ABB's catalyst team, based within its process technology division at a number of locations in the US and Europe, is mainly concerned with technologies connected with the 'heavier' end of the process spectrum. Catalyst systems here tend to be based around fixed-bed arrangements. Generally, catalysts are extruded as pellets and packed into the reactor. However, because these pellets are inflexible and relatively large, they can cause flow problems. If they are packed too tightly, they restrict flow and cause pressure drop. Also, the reactants can only contact the material on the outside of the catalyst pellets; moreover, the catalyst may not be in the best position inside the vessel to catch the reactants at their optimum conditions. The catalyst therefore performs below its optimum efficiency, which can lead to poor yields, waste of energy and production of unwanted by-products.

Micro-engineered catalysts (MECs) solve one of the problems of conventional fixed-bed catalysts. Developed by ABB researchers over a four-year period, MECs are designed to increase the reactants' access to the catalyst. The system consists of flexible ceramic microfibres, thinner than a human hair, coated with catalyst particles smaller than 15 microns. The fibres can be shaped inside the reactor to conform with the fluid dynamics of the vessel, and because the system is so porous, flow is impeded much less than in conventional fixed-bed reactors. This makes catalysis more efficient, as the reactants can contact far more active catalyst particles. Because of this, reactors can be made smaller.

The company is targeting two particular applications for MECs, both of which it expects to commercialise this year. The first is in removal of nitrogen oxides from process and power station waste gases. NOx removal is becoming an increasingly pressing problem as regulations over greenhouse gas emissions tighten, and the technologies currently available are not efficient. This means that catalyst market for deNOx is large - several hundred millions of dollars per year, according to ABB - and growing. The company is constructing an MEC-based deNOx plant for a petrochemical refining plant in the US, which it hopes to bring on stream later this year.
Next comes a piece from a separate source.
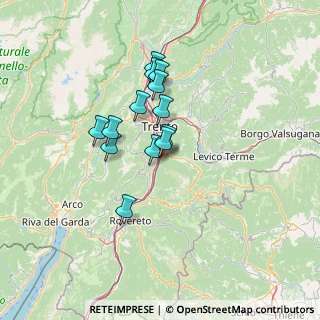 Mappa Via Giulio Catoni, 38100 Trento TN, Italia (10.21615)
Another candidate for MECs is the selective hydrogenation of petrochemicals, a standard reaction carried out in refineries to convert unsaturated and aromatic molecules into clean-burning petroleum. There are a wide variety of processes and catalysts used for this, but ABB claims that MECs are as active, but significantly more selective, than current catalysts. ABB is operating a pilot scheme for this technology, involving the hydrogenation of impurities in the process stream of a propylene plant in Asia.

Nanotechnology is also at the root of another catalyst innovation, nano-sized catalysts. Working with researchers at the Massachsetts Institute of Technology, ABB is developing these systems for a variety of applications, ranging from the reformation of petroleum to systems which can burn methane in a stable flame.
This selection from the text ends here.